1Digital Cinema Package : copie de projection numérique d’un film

2 personnes ont commenté l'article

  1. J’ai moi aussi remarqué l’écart sidérant qu’il y a entre certains plans, carrément effrayants de numérisation, au cours desquels l’image originelle semble avoir été irrémédiablement perdue, et d’autres, parfaits, où tout est tellement « là ». A tel point que je me suis dit que ça ne pouvait qu’être fait exprès, que l’effet était voulu, tout comme l’a toujours été cette manière de faire voir le ralenti en le transformant quasiment en une suite d’arrêts sur image. Je me suis dit que Wong Kar Wai veut aller jusqu’à la racine même du cinématographe, que sont les éléments même de l’image en mouvement.
    Je me le suis d’autant plus dit que finalement, le film ne parle que de ça : la croisée des écoles. Il s’ouvre et se clôt sur le sens profond de l’art martial : horizontal/vertical. Or l’horizontal, c’est le mouvement du balayage numérique, et le vertical, c’est le sens de défilement de la pellicule. Je me dis qu’il y a peut être là un sens à trouver; tout en me disant que je sur-interprète peut être un peu.

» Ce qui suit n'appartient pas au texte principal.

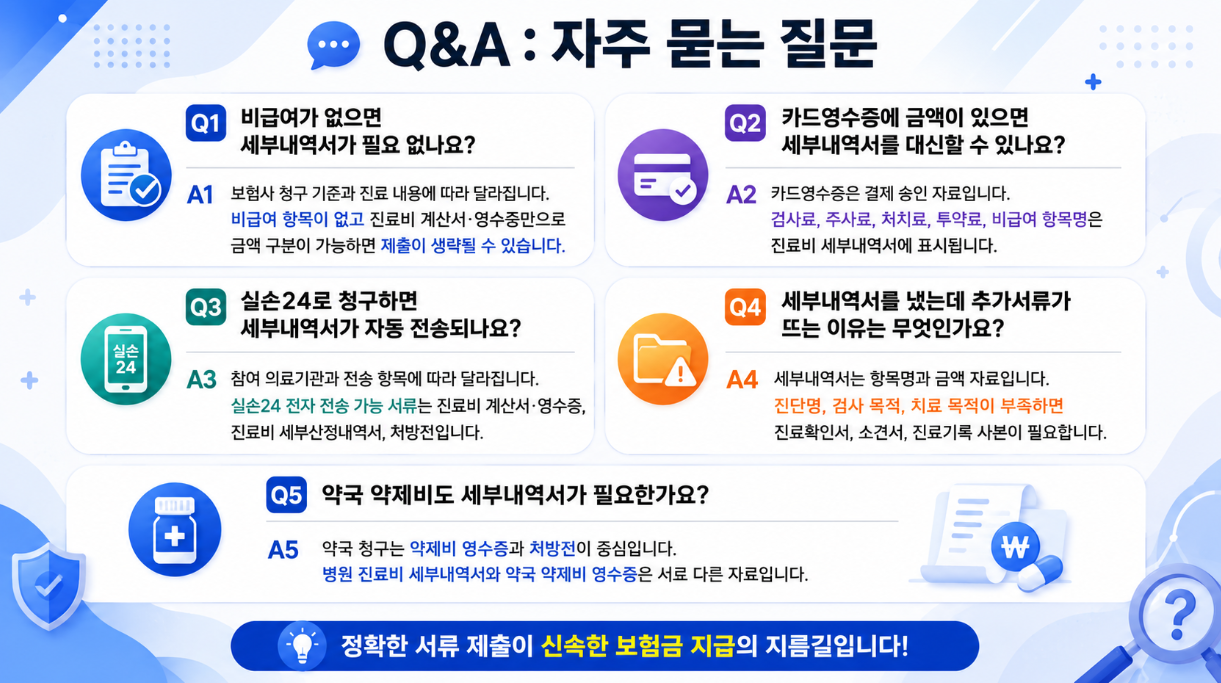 비급여 세부 확인 기준의 핵심 내용을 5가지로 요약한 16:9 정리 인포그래픽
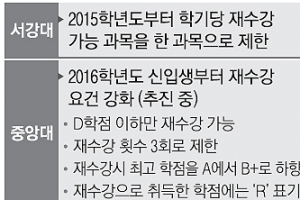 학점 낮추려는 대학 vs 학점 높이려는 학생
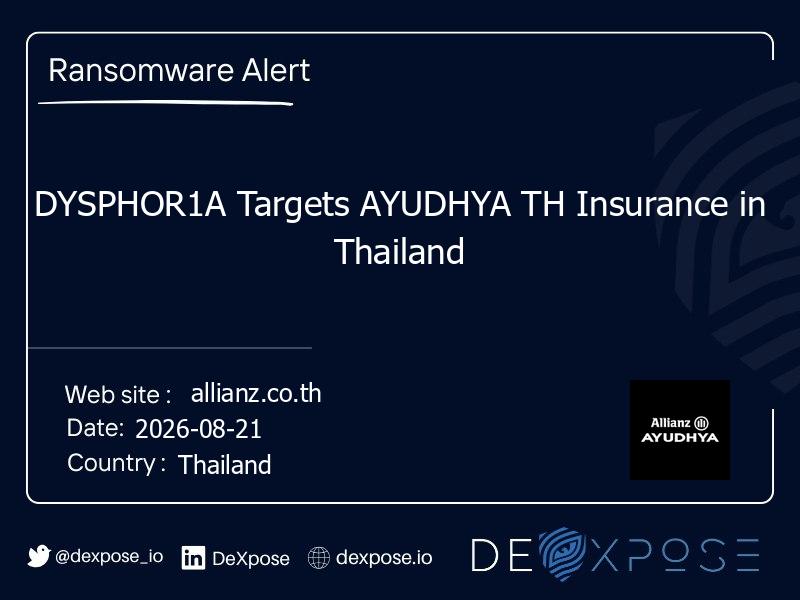DYSPHOR1A Targets AYUDHYA TH Insurance in Thailand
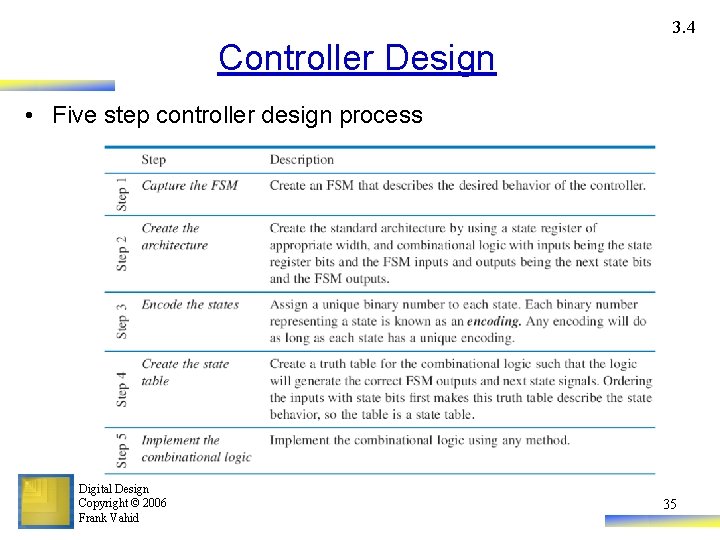 3. 4 Controller Design • Five step controller design process Digital Design Copyright ©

    1. Tu extrapoles un peu mais ce n’est pas absurde. Il faudrait que je le revois pour voir s’il y a un sens à cette variation sur la définition. Le film a été tourné en numérique et 35mm et ce problème de bruit semblait plutôt apparaître sur des plans à faible luminosité ou profondeur de champ, je pencherai donc pour un soucis technique. Même quand il travaille à figer l’image ou faire paraître son essence, le rendu visuel reste généralement léché chez Wong Kar-wai. Faudrait voir ce que lui en dit.